Once you find the line with "Office container - Echipament de atelier: Foto 1 Office" in the entries below, print it and each line after it up to and including the line with "호텔 Courtyard By", exactly, without pictures.

Data to process:
----------
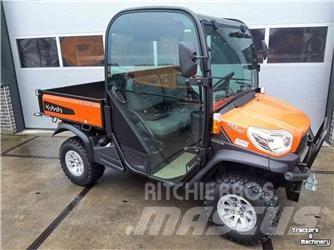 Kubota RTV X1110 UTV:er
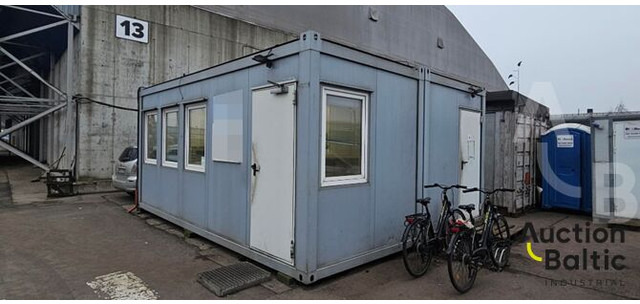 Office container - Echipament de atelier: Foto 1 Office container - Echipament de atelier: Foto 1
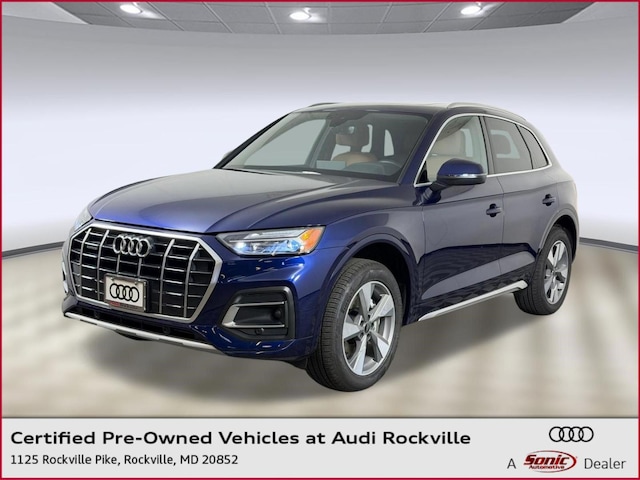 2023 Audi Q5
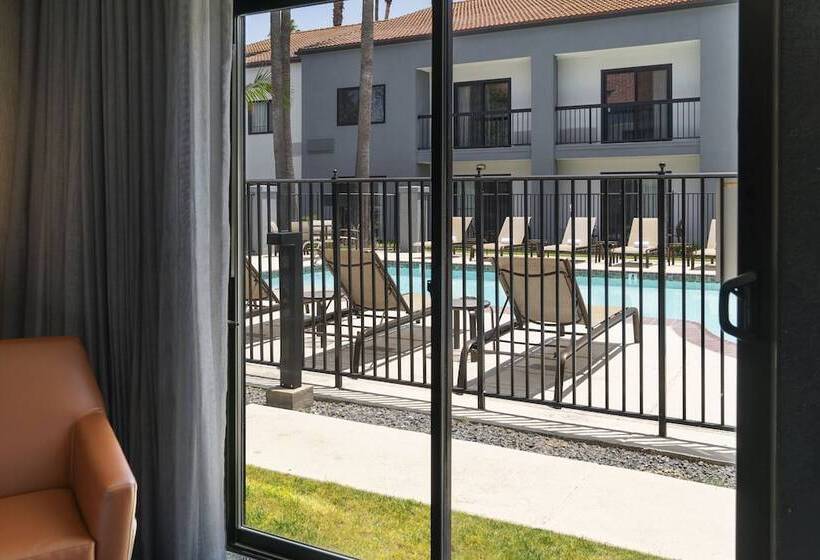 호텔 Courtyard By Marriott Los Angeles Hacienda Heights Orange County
----------
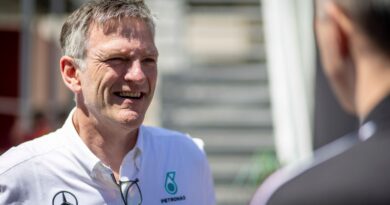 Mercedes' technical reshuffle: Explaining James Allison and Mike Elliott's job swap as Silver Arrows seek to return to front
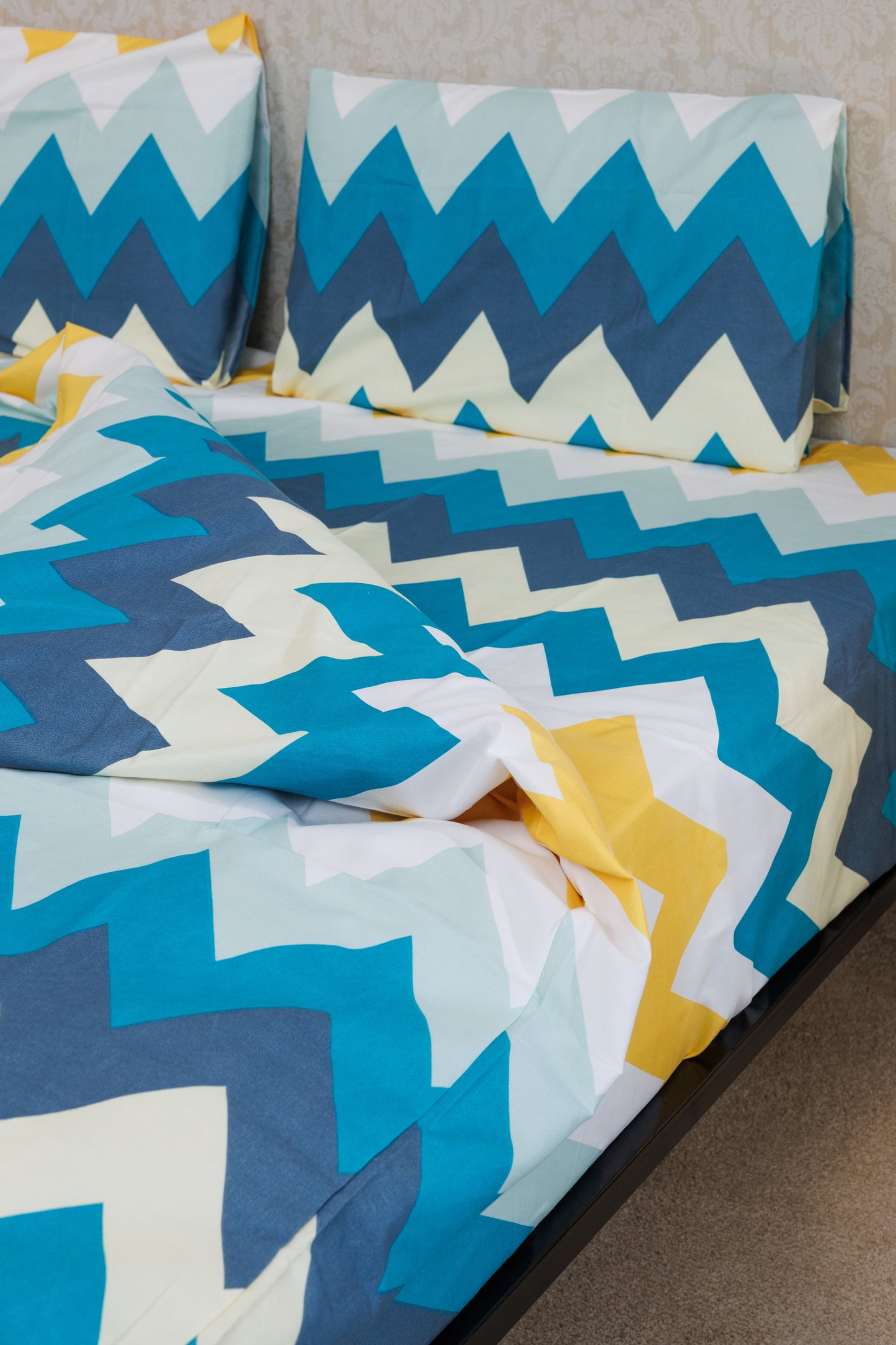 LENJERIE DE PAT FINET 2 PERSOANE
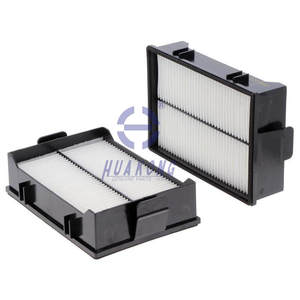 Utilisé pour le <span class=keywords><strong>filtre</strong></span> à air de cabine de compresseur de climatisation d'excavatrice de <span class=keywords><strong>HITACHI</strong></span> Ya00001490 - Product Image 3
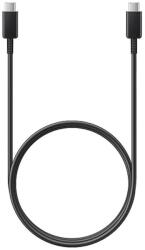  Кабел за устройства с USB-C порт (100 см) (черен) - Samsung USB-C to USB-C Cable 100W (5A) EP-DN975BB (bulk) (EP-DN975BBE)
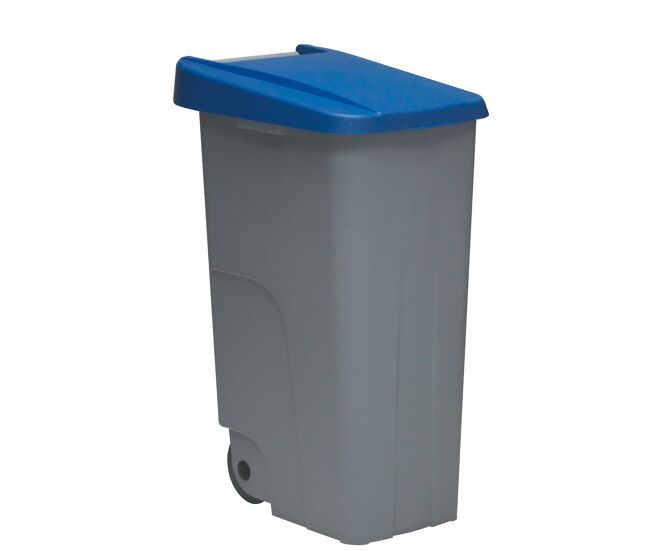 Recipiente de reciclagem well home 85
----------
Exercise response:
 Office container - Echipament de atelier: Foto 1 Office container - Echipament de atelier: Foto 1
 2023 Audi Q5
 호텔 Courtyard By Marriott Los Angeles Hacienda Heights Orange County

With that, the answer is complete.